# Task item:
Give again, exactly as written, the lines of the records below from the line with "Wb Arbour Lake" to the line with "Madden NYC Girls". Both end lines count; pictures do not.

# Listed records:
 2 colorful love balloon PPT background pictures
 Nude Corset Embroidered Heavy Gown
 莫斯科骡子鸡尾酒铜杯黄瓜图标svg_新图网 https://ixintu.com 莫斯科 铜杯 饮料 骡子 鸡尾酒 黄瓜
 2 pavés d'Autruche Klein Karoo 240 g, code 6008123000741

...

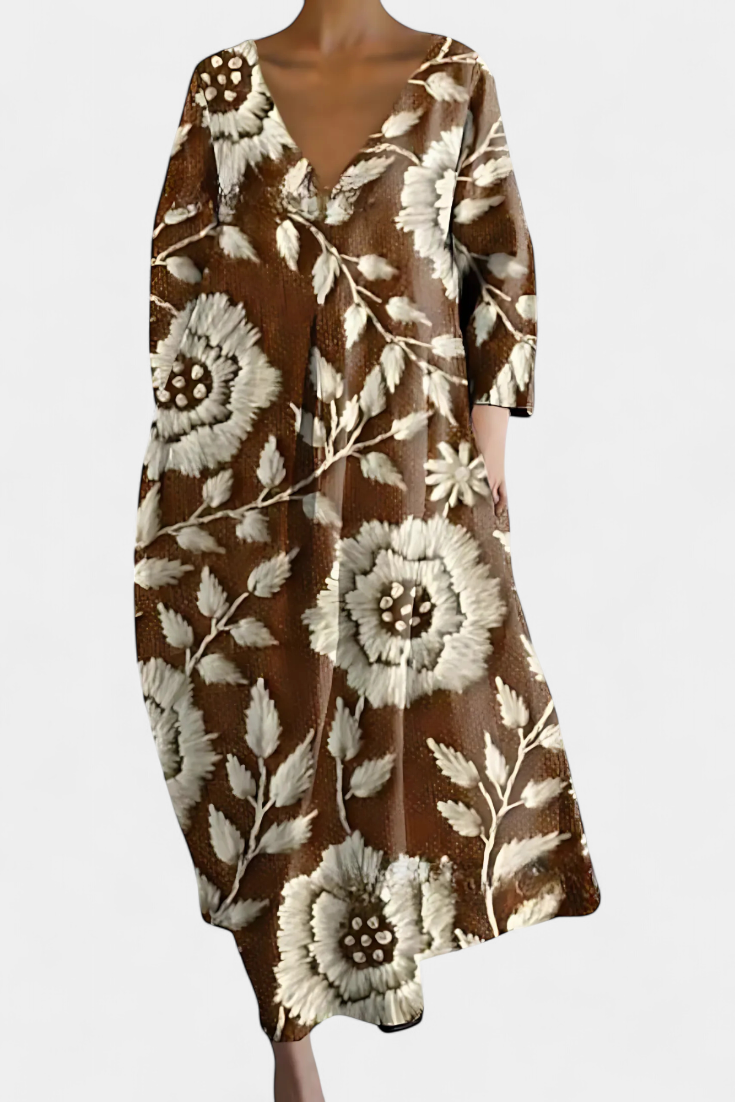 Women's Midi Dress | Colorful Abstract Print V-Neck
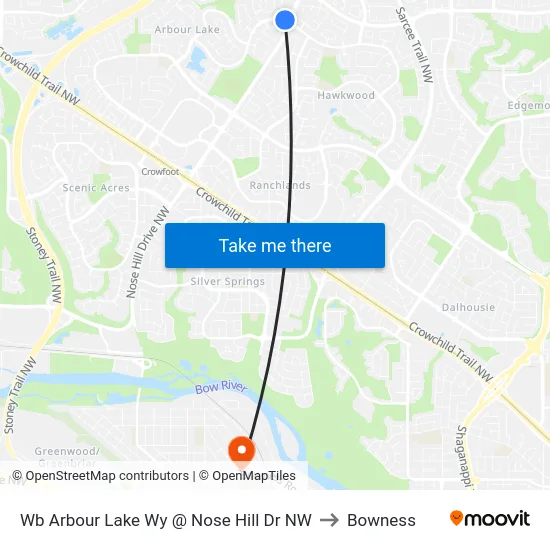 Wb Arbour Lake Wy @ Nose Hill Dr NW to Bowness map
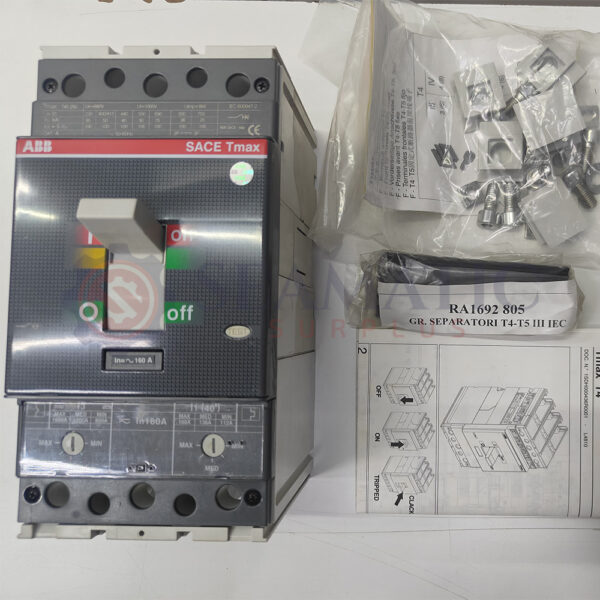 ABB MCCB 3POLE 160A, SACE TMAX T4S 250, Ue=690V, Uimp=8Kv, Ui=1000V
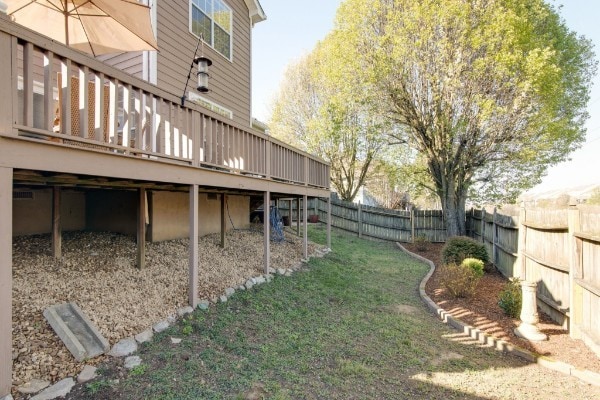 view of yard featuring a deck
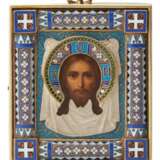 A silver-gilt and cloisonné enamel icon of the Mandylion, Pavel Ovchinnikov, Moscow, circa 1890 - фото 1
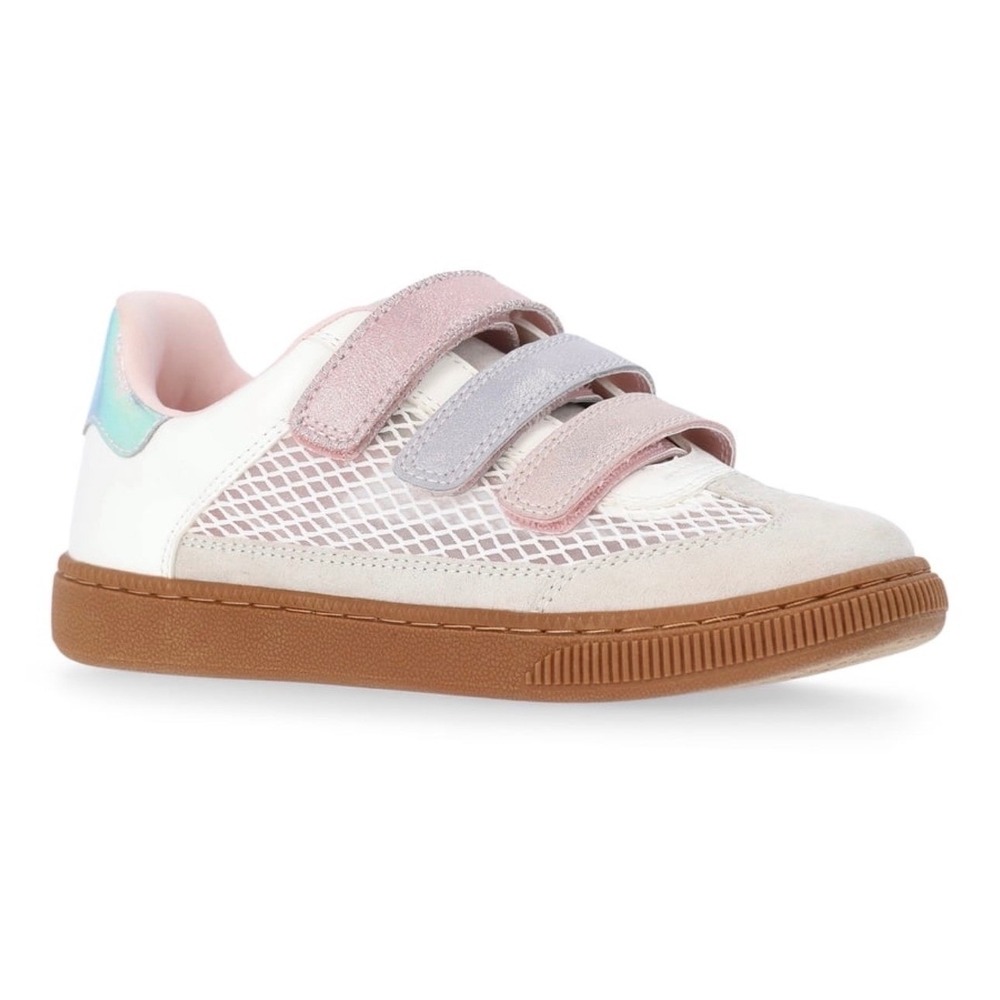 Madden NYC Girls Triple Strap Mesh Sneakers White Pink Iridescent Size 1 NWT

# Solution:
 Wb Arbour Lake Wy @ Nose Hill Dr NW to Bowness map
 ABB MCCB 3POLE 160A, SACE TMAX T4S 250, Ue=690V, Uimp=8Kv, Ui=1000V
 view of yard featuring a deck
 A silver-gilt and cloisonné enamel icon of the Mandylion, Pavel Ovchinnikov, Moscow, circa 1890 - фото 1
 Madden NYC Girls Triple Strap Mesh Sneakers White Pink Iridescent Size 1 NWT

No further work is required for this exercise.